The Piranesi Vase or Boyd Vase is a reconstructed, colossal marble calyx krater from ancient Rome, on three legs and a triangular base, with a relief around the sides of the vase. It is 107 inches (2.71m) tall and 28 inches (0.71m) in diameter.

The upper part is in the style of the Borghese Vase. The lower part, which was not original, was influenced by the Torlonia Vase, a celebrated neo-Attic Roman marble from the collection of Cardinal Albani. It similarly stands on three lions' legs - which in the case of the Torlonia Vase were 16th-century additions.

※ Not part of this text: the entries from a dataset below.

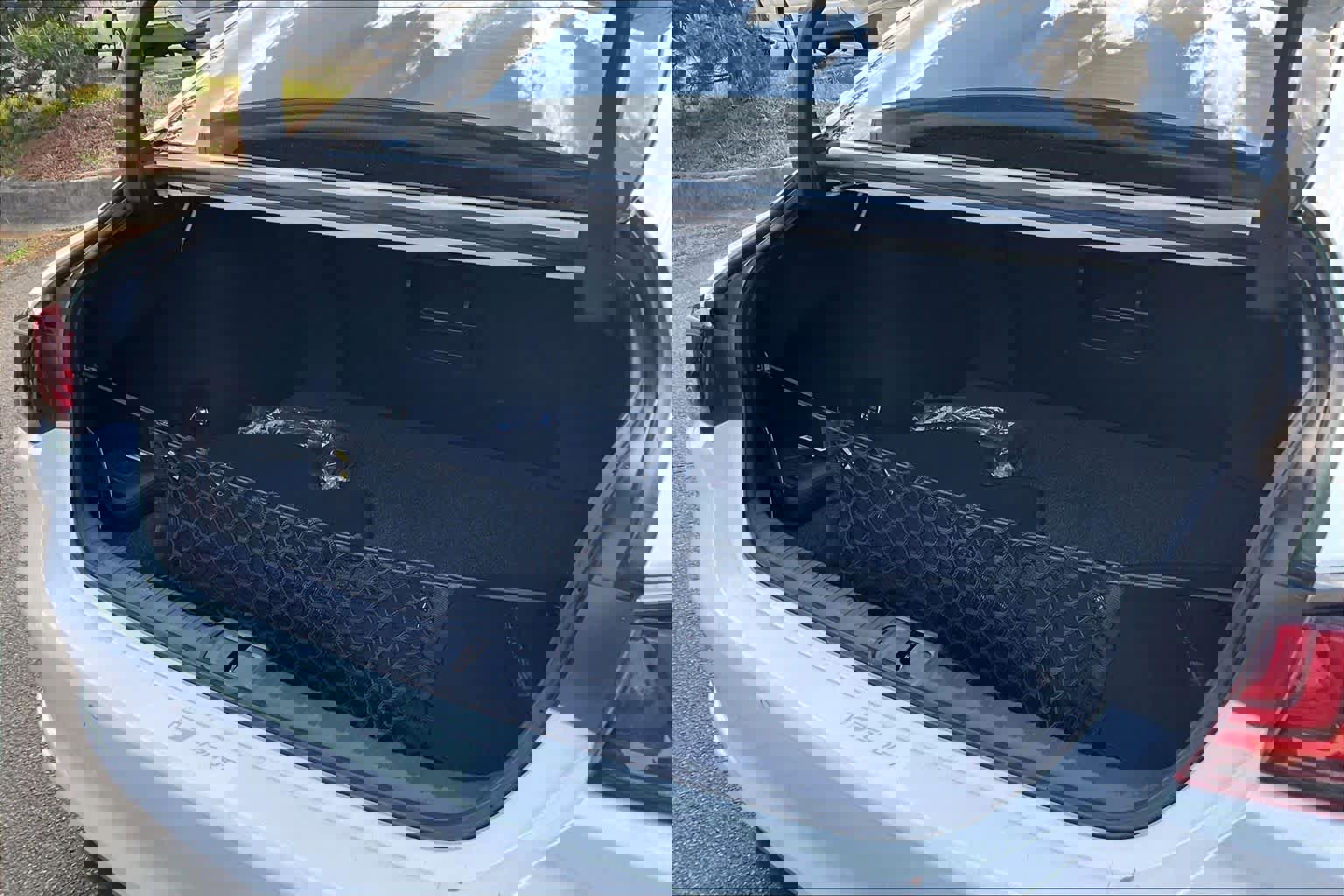 Used 2023 Lexus ES 350 F Sport w/ Accessory Package (Z2) image 33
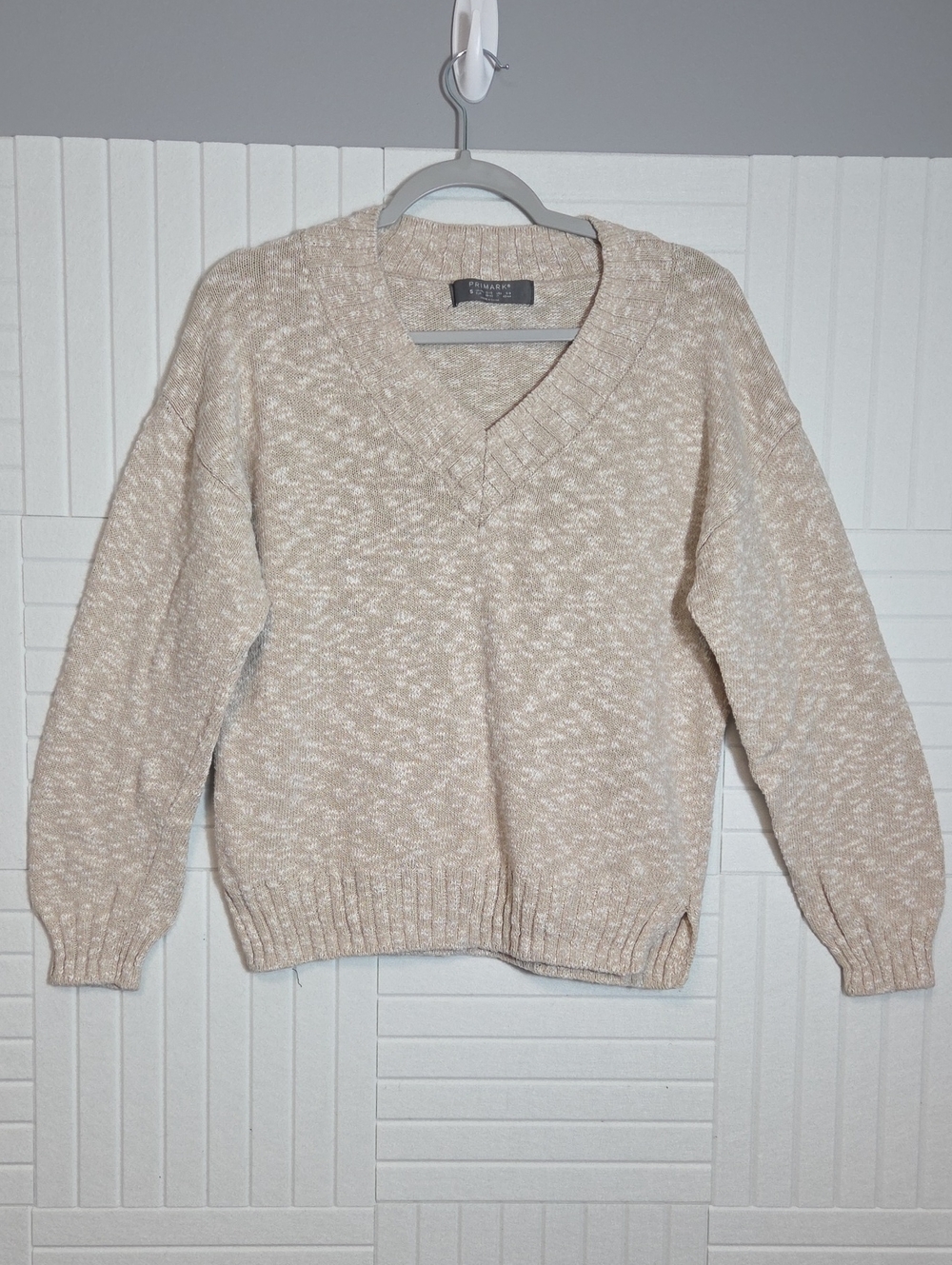 Primark Beige V Neck Sweater Size S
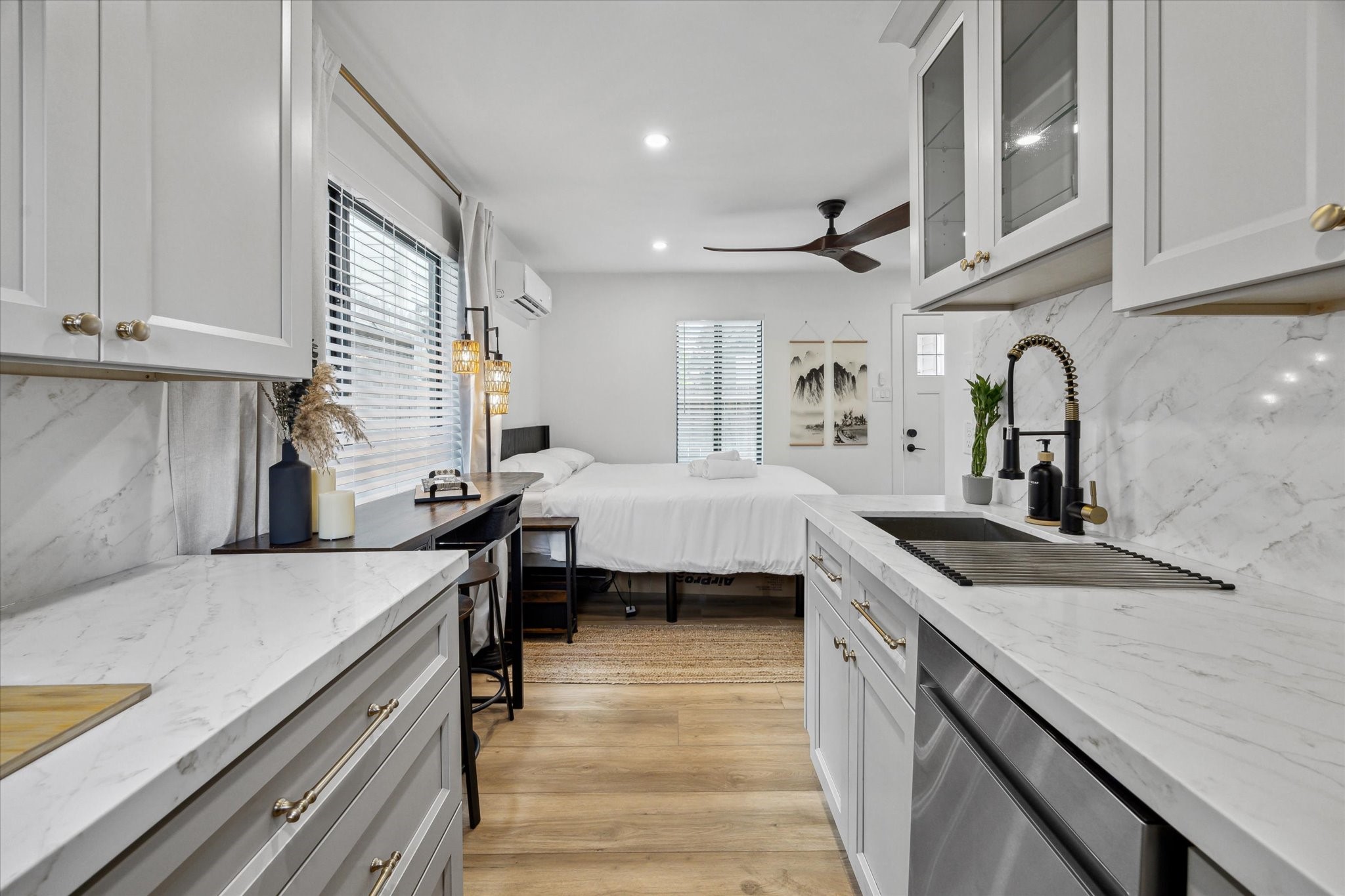 5844 Darling Street, Houston, TX, 77007 | 24480868 | Realty Texas LLC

The vase was restored and/or rebuilt by the artist Giovanni Battista Piranesi, from a large number of Roman fragments from Hadrian's Villa at Tivoli, where Gavin Hamilton was excavating in the 1770s. As mentioned above, parts of the Piranesi vase are a pastiche - its stem and supports are made up of a variety of unrelated ancient fragments supplemented by matching modern parts. Other parts are painstaking, skillful and accurate reconstructions. Its frieze uses numerous original fragments to reproduce a scene of satyrs making wine. The scene was modeled on a Roman altar in Naples that in the 18th century was in the collection of the Prince of Francavilla and illustrated in Bernard de Montfaucon's 1757 Recueil d'Antiquités.

The Piranesi Vase and the so-called Warwick Vase are among the most ambitious restoration projects in which Piranesi was involved. Each vase was depicted by three plates in Vasi, Candelabri e Cippi, a compilation of etchings produced in 1778. The vase was sold as a genuine ancient Roman artefact, which was considered an acceptable practice at the time.

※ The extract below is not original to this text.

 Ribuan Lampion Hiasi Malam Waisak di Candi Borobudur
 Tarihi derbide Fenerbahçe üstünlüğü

The diary of a Dutch tourist mentions the vase in the Piranesi workshop in 1776. Sometime that year it was acquired by Sir John Boyd during his Grand Tour. He was a wealthy West Indies proprietor and director of the British East India Company, and displayed it in the landscaped grounds of his neo-Palladian mansion Danson House at Bexley, where the dining room's wallpaintings took up the vase's Bacchic themes.

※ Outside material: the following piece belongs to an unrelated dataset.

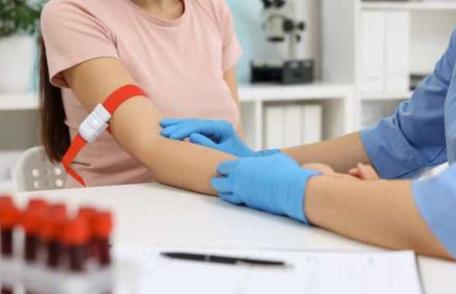 Analize obligatorii pentru cei trecuți de 40 de ani. Testele simple ce pot preveni boli grave și menține vitalitatea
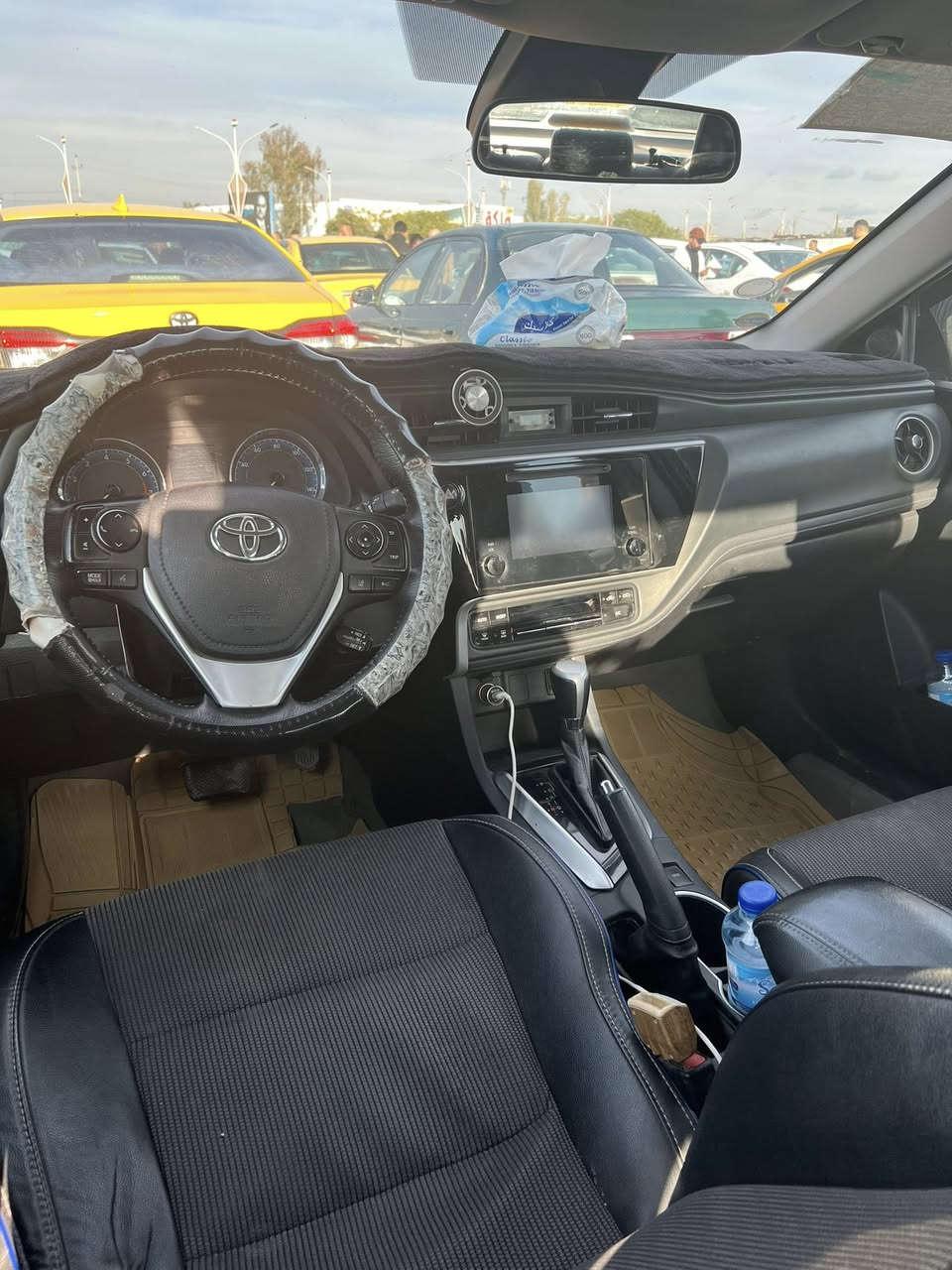 كورلا 2018 السيارة كاملة بدون نقص ضرر السيارة جاملغ يسره مع طارف البنيد بدون دواخل شرط كير مكينة شرط مكان السيارة كركوك حاليا للاستفسار ***********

It was purchased from Boyd's eventual heirs and Hugh Johnston by the British Museum in 1868. It was exhibited in the Orangery of Kensington Palace from 1955 to 1976. It is now in the Enlightenment Gallery of the British Museum.

==Sources==
- T. Opper, "Glory of Rome restored", British Museum Magazine 51 (Spring 2005), 38–40.
- E. Miller, "The Piranesi Vase", in: A. Oddy (ed.) The Art of the Conservator (London 1992), 122–136.
- J. Scott, "Some sculpture from Hadrian's Villa, Tivoli", in: Piranesi e la cultura antiquaria: gli antecedenti e il contesto (Rome 1983), 339–355.